To go further into the plot would be to spoil The Wailing’s many surprises. Director Na Hong-jin’s film is busting at the seams with ideas and influences. It is a film full of mythology, folk tales, and religion. Jong-Goo will call upon both a shame and a Catholic priest for help. It feels like about four horror films in one. It is violent and goofy, thrilling and terrifying.

It is perhaps just a tad too much. With a run time of around 2 and a half hours, it feels a little longer than it needs to be. There are a lot of twists and turns, and red herrings galore. I’m not quite sure it will stand up under scrutiny, but I really enjoyed myself while in the midst of it. I’m too tired at the moment to write much more, but it is definitely worth checking out if you are a fan of horror and are looking for something a little different.

The Friday Night Horror Movie: John Dies At The End (2012)

john dies at the end

Don Coscarelli has had one interesting career as a director. After directing his very first feature film at the age of 18 he went on to create one of the more iconic horror mechanisms of the 1980s (Phantasm‘s flying silver ball). He followed that up with The Beastmaster a ridiculous, schlocky bit of fantasy starring Marc Singer as a bare-chested cross between Luke Skywalker and Doctor Doolittle which was a staple of late-night cable television in the early 1990s. He then made four increasingly bad Phantasm sequels which expanded the film’s mythology into incoherence. He also made Bubba Ho-Tep, a film that I haven’t seen but apparently stars Bruce Campbell as an elderly Elvis Presley who teams up with JFK to fight an ancient Egyptian mummy. His last film was this one which I just watched.

It is an absolute mess of a film, at times both brilliant and baffling. To explain the plot would be an exercise in futility. It involves a mind-altering drug, an alternate universe, bug aliens, and a lot of gross-out horror. It is a film so filled to the brim with ideas that it never pauses for a breath to let the viewer catch up, or to take stock of where it is going.
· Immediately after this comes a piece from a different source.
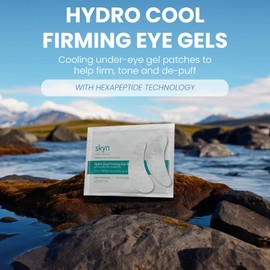 skyn ICELAND Hydro Cool Firming Eye Gels: Under-Eye Gel Patches to Firm, Tone and De-Puff Under-Eye Skin, 4 Pairs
Coscarelli has a visual flair so it is generally interesting to look at (with the exception of some pretty dodgy CGI). It is well made and well acted (Paul Giamatti has a small role and he’s always great to see in anything – he also produced the film). There are lots of interesting things going on in the script, I just wished they had spent a little more time on any one idea and fleshed it out more, instead of throwing more and more and stuff at us. It has a tendency to be a little too jokey as well. In part, it wants to be this mind-bending, time-jumping sci-fi/horror film and in another part it wants to be a Judd Apatow-style bro-comedy. The two parts never really gel together in any coherent way.

It is definitely worth watching if you like Corscarelli or films that get a little crazy.